Альв, уже почти лишившийся плоти, стоял на пригорке, лицом и ладонями к солнцу. Казалось, лучи пронизывают его насквозь и ничего иного ему от жизни уже не требуется. Однако аиру он был рад и, не оборачиваясь, сказал, куда положить.

Энниберд особой любезности и не ожидал. О стариках заботятся, не требуя ничего взамен. Но у него был вопрос.

– Далеко зашедший в годах, я встретил твою внучку Сегебенну, и она мне понравилась. Есть ли у нее альв, который дарит ей подарки?

Вот тут старик повернулся.

– Она переменилась, Энниберд. Она стала другой, и уходит от меня торопливо, словно ее кто-то ждет. Если бы она видела в нем мужа, то рассказала бы мне. Энниберд, об этом не спрашивают, альва имеет право не ответить даже далеко зашедшему в годах. Энниберд, пойди за ней по следу.

Это был приказ.

– Пойти по следу, а потом вернуться к тебе? – уточнил Энниберд.

– Да.

– Она сказала, что пошла к ручью стирать твою рубаху.

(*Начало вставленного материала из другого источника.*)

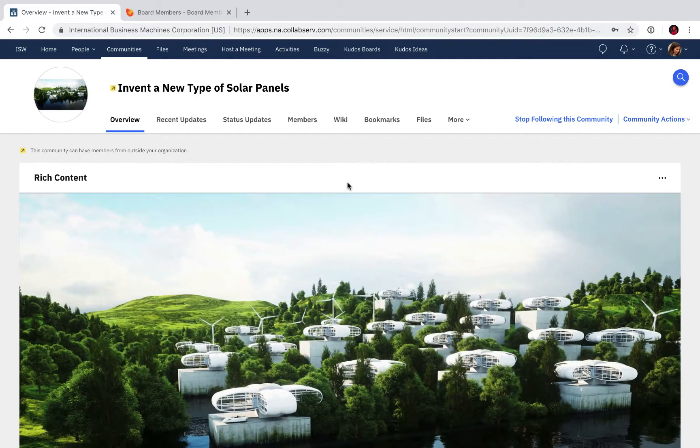Hello, my name is Maria Nordin and today I'm going to show you how easy it is to add Kudos Boards into one of your IBM Connections communities and all the good things that happen when you do that.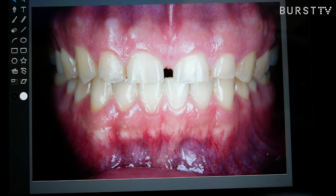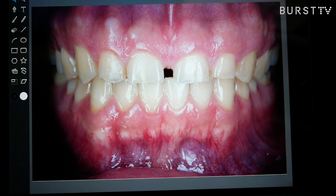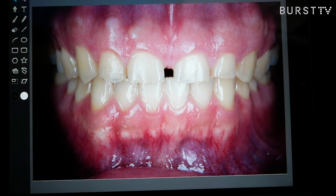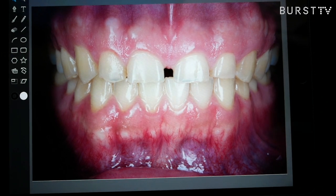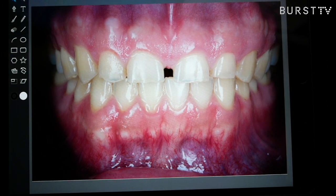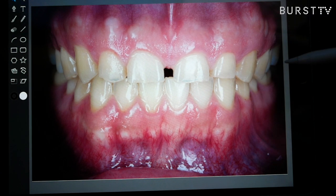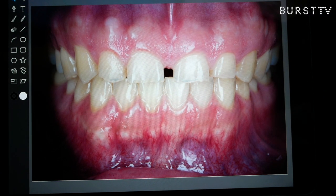So today, I want to talk about smile design and my thought process and how I do things here. So here's the case of a patient — cheek retracted, patient biting down.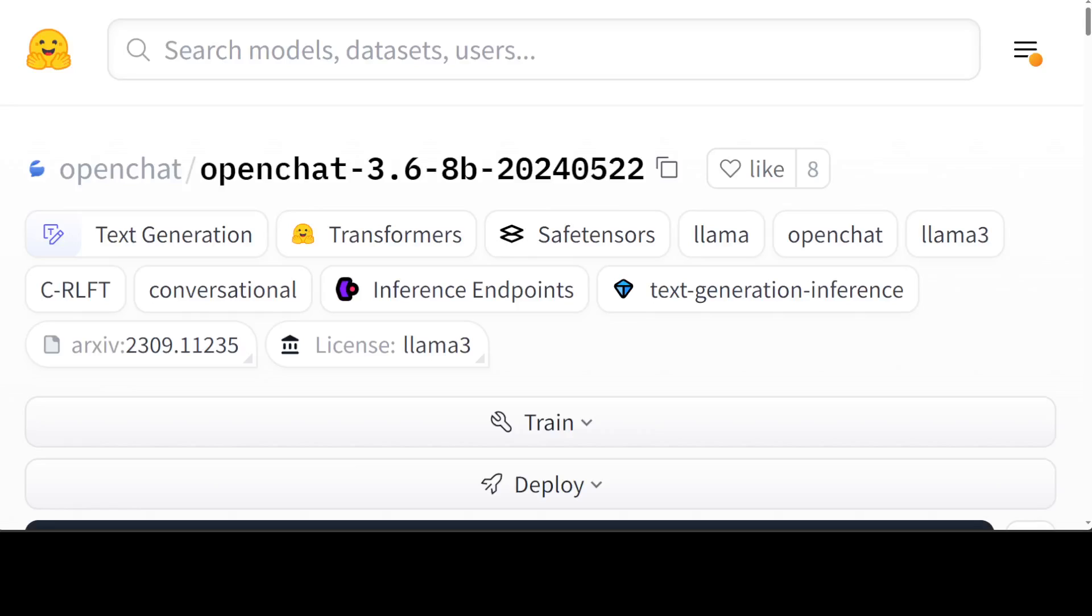Hello guys, freshly out of the oven we are going to install this brand new model OpenChat 3.6 8 billion on our local system and test it on various benchmarks. The cool thing about this new model which has been released by alignmentlab.ai is that it has already beaten a lot of other outstanding models.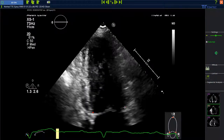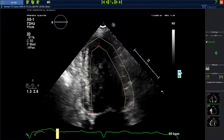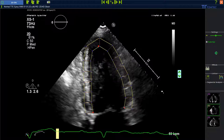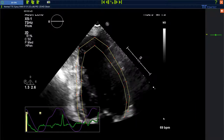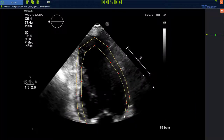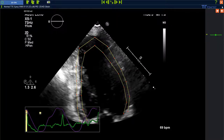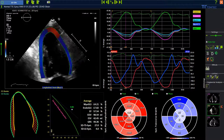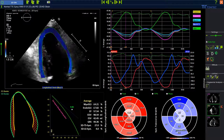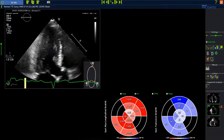From here, it's the same workflow for all the different planes. We have to set the points as described, make adjustments at the red dots, start the analysis, and wait for the end diastolic phase. Make adjustments if necessary and accept the changes on the upper right side by clicking the arrow. The next six segments are now visible.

– Она не брала у меня рубаху.

Энниберд ушам своим не поверил.

Он знал, что такое ложь, потому что встречался и с людьми, и с темными альвами. Браммар и Урар, темные альвы, были приятелями Верриберда, приносили ему снизу, из пещер, цветные камни, он их поил соками земли. Такое приятельство хоть и редко, но встречалось. Но в отношениях с людьми темные альвы были горазды на любой обман, да и люди ухитрялись заплатить им за руду и за кузнечные изделия меньше, чем следовало бы. С белыми альвами они себе такого не позволяли – белых альвов люди побаивались, считая, что они творят добро потому, что им лень творить зло. И в самом деле, тот, кто собирает целебные травы, уж точно знает ядовитые. А если бросить ядовитую траву в речку, то отравленная рыба всплывет кверху брюхом и лошади, которых привели на водопой, будут потом долго хворать.

– Я пойду по следу, – сказал Энниберд.

Ему уже не была нужна альва, он хотел понять природу лжи.